Thursday night marked the first round of the NFL Draft. Wasting absolutely no time, ESPN made sure I heard some truly stupid shit early Friday morning.
As a sports blogger, I used to do a full-on draft breakdown until two things happened.
The first was that I realized the NFL Draft is really an exercise in educated guesses and luck; spening a lot of time writing about it is akin to putting a lot of words on the page about drawing to an inside straight. If you hit it, you’re a genius, and if you don’t, you’re dogshit. This holds true for any roster moves, and that’s really all the NFL Draft is; three days of televised roster moves.
Being all about roster moves makes it all about the end results. If you doubt that, consider the following. Bill Polian got into the Hall of Fame by hitting a lot of “gutshot” straight draws; he built those “Jim Kelly” Buffalo Bills and the “Peyton Manning” Indianapolis Colts. But if he had drafted Ryan Leaf instead of Manning, he gets relegated to the ashheap of NFL history along with Jerry Glanville…you know, the guy who gave away Brett Favre for a bag of Jimmy John’s sandwiches.
The other thing that happened was I came to the realization how incredibly thick-headed every NFL Draft commentator is. I had a “hemmorhoidal flare-up” -level painful reminder of that first thing Friday morning. To call Mike Golic, Mike Golic Jr, and Jason Fitz the “Three Stooges” would not only be an insult to the Stooges, it would be massively inaccurate.

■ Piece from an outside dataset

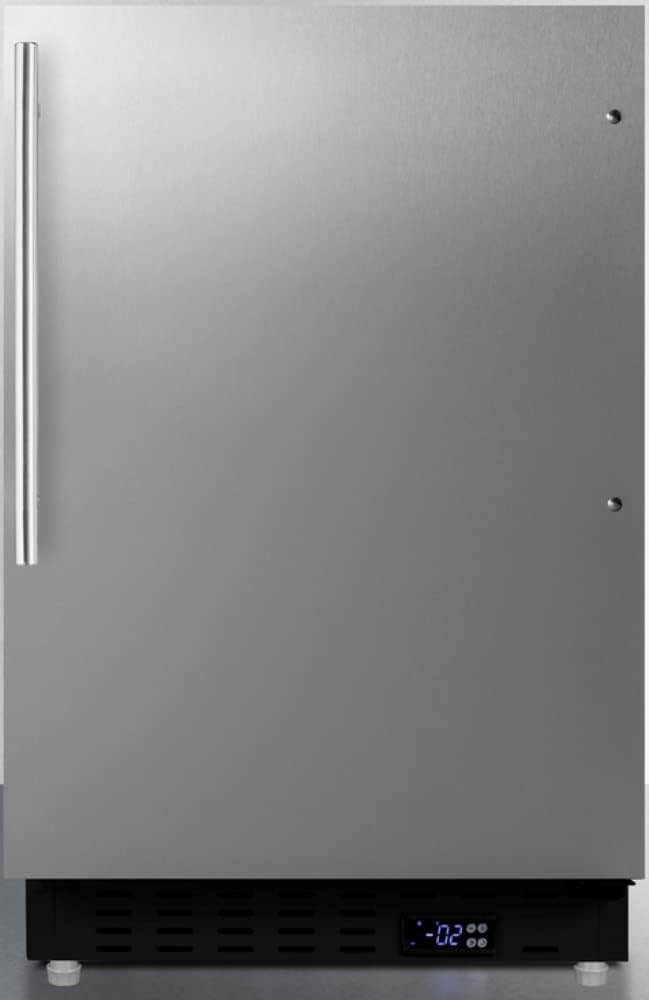 Summit Appliance ALFZ37BCSSHV Built-in Undercounter ADA Compliant Residential All-Freezer with Stainless Steel Cabinet, Vertical Handle, Door Storage, Adjustable Thermostat and Manual Defrost
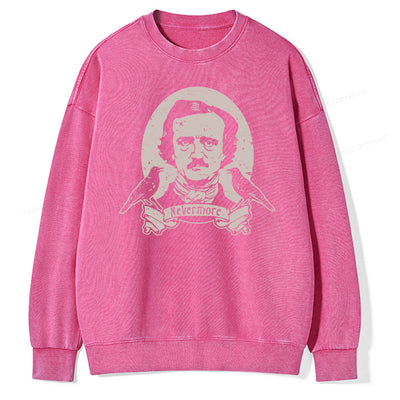 Pagewing Literary Vintage Stephen Allen King HP Lovecraft Book Unisex Washed Sweatshirt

When it comes to comedy, “The Three Stooges” are a doctorate level course in timing. There’s nothing funny about cracking somebody in the brain with a hammer, unless you do it at exactly the right moment, in which case you become a comedy icon. When it comes to talking about the NFL Draft, I have no clue what the three ham-skulls known as Golic, Junior, and Fitz do well.
What got this all started is they didn’t seem to like the New York Giants selecting Duke quarterback Daniel Jones with the sixth overall pick. This immediately led to an outcry from the “barking dogs” at the World Wide Bottom Feeder about how they didn’t understand this pick. There were two main reasons for this disbelief.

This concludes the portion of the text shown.